Did you know that Halloween is one of the world’s oldest holidays? It’s true! It dates back to ancient times! The Ancient Celts are credited with starting what we know as the “original” Halloween. they celebrated it as Samhain (pronounced more like sow-en, but softer, it’s hard to explain, but it’s most certainly NOT Sam-Hain). The original holiday was (and still is, for Wiccans and Pagans) a very special day to celebrate our ancestors, the change in seasons, and the moment when the veil between the living and the dead was at its thinnest.
Like many holidays, Halloween changed over the years and throughout the world. Different religions adapted it to fit into their belief patterns, while others just adapted it into non-secular fun. Some already had their own versions of Halloween-like festivities already in place. Let’s take a look at how Halloween is celebrated around the world!
How Halloween is Celebrated Around the World
Ireland is where Halloween all started and their traditions are somewhat close to the traditions of the United States. In Ireland, children get dressed up in costumes and they go door-to-door and trick-or-treat. Where the celebrations differ from those of the United States is that one of the most popular Halloween treats in Ireland is fruitcake.

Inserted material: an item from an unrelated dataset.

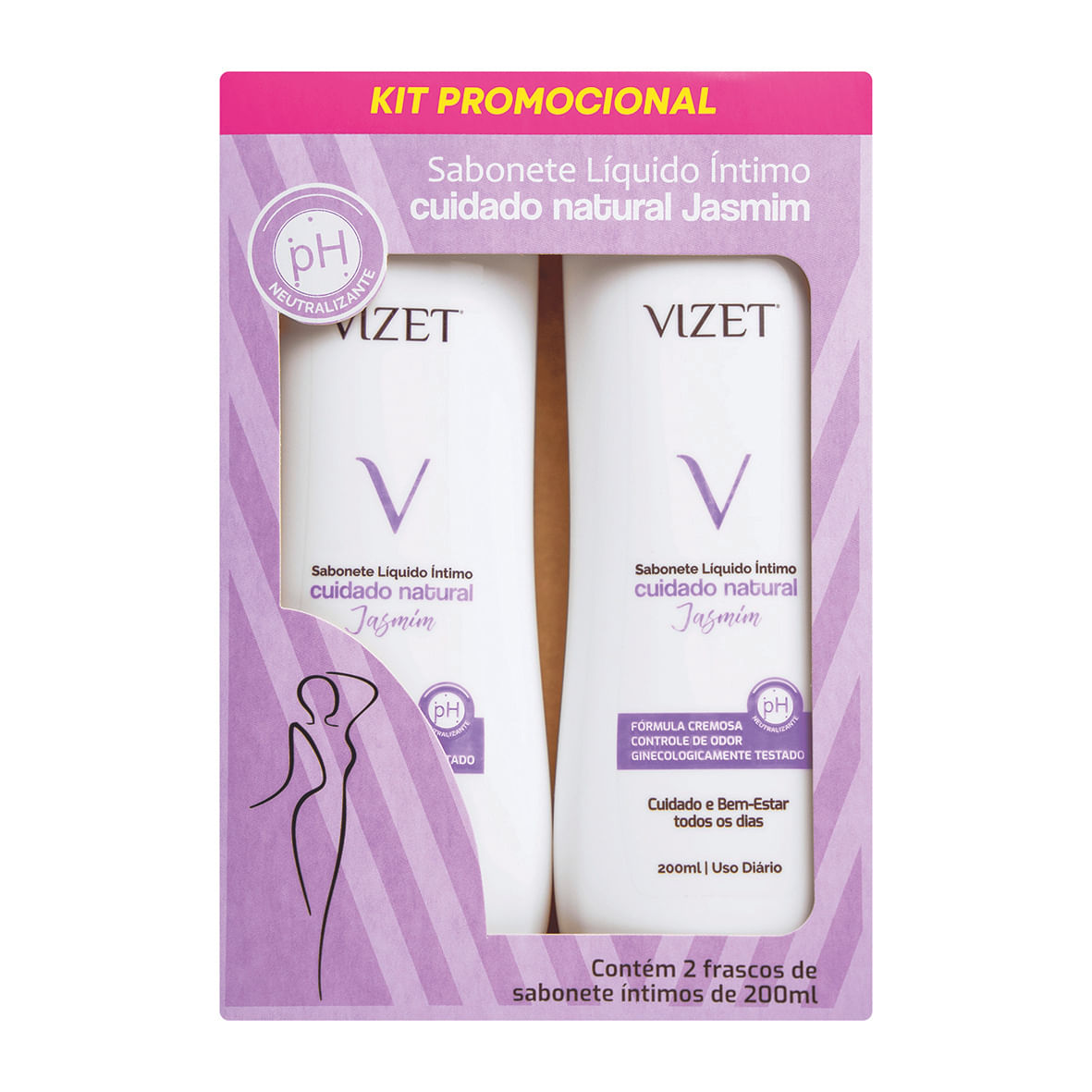 Kit Sabonete Intimo Vizet Jasmim 2 Unidades 200ml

Halloween is celebrated in August in Japan and is known by several names such as the Festival of the Dead, Obon or the Festival of Lanterns. This is a time when the spirits of the deceased come to visit their relatives that are living. People in Japan hang lanterns in the front of their homes in order to guide these spirits.

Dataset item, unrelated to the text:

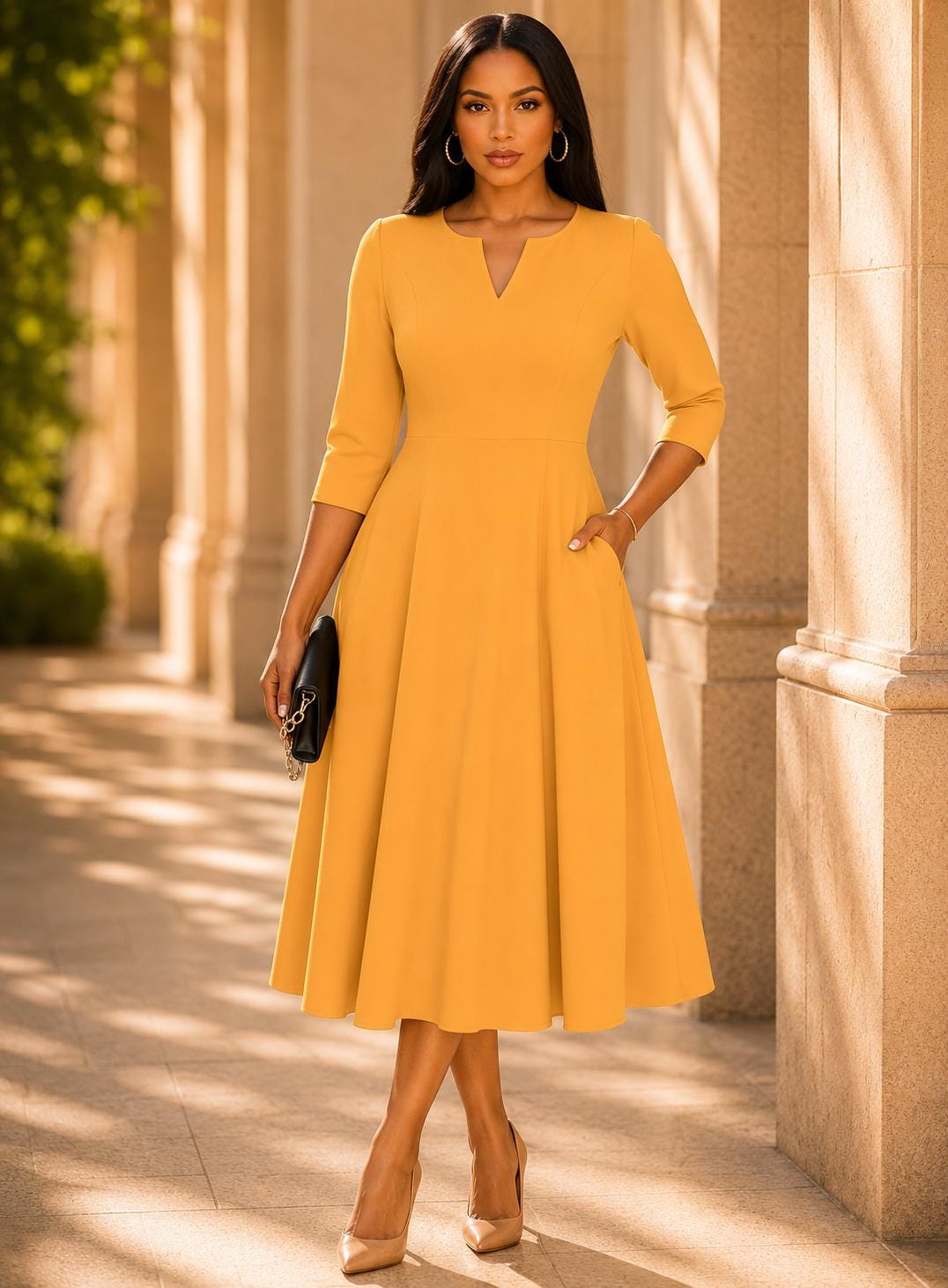 Wedding Guest Dress | Cocktail Party Dress | Elegant Formal Midi A-Line | Evening Work Office Outfit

In Austria, on Halloween night before you head to sleep, people light lamps and place bread and water on the table. This is done to welcome back to Earth the souls of the dead.
Halloween in Hong Kong is known as Yue Lan, or the Festival of the Hungry Ghosts. It is thought that spirits walk the Earth for 24 hours. People that live in Hong Kong will burn photos of money or fruit so that these items can get to the spirit would and offer comfort to the souls that are there.
Back in the beginning, the boys and girls of England would carve beets instead of pumpkins on Halloween. These beets were then paraded throughout the streets. However, that was later changed when Halloween became known as Guy Fawkes Night, which was now celebrated in the beginning of November. On Guy Fawkes Night, people in England would lit bonfires and display fireworks.
In Mexico, as well as other Latin American countries, celebrate Halloween for three days. This celebration is known as The Days of the Dead, or El Dia de los Muertos. While it is intended to honor the deceased, it is also a time for happiness and celebration. This celebration has been in existence for over 3,000 years.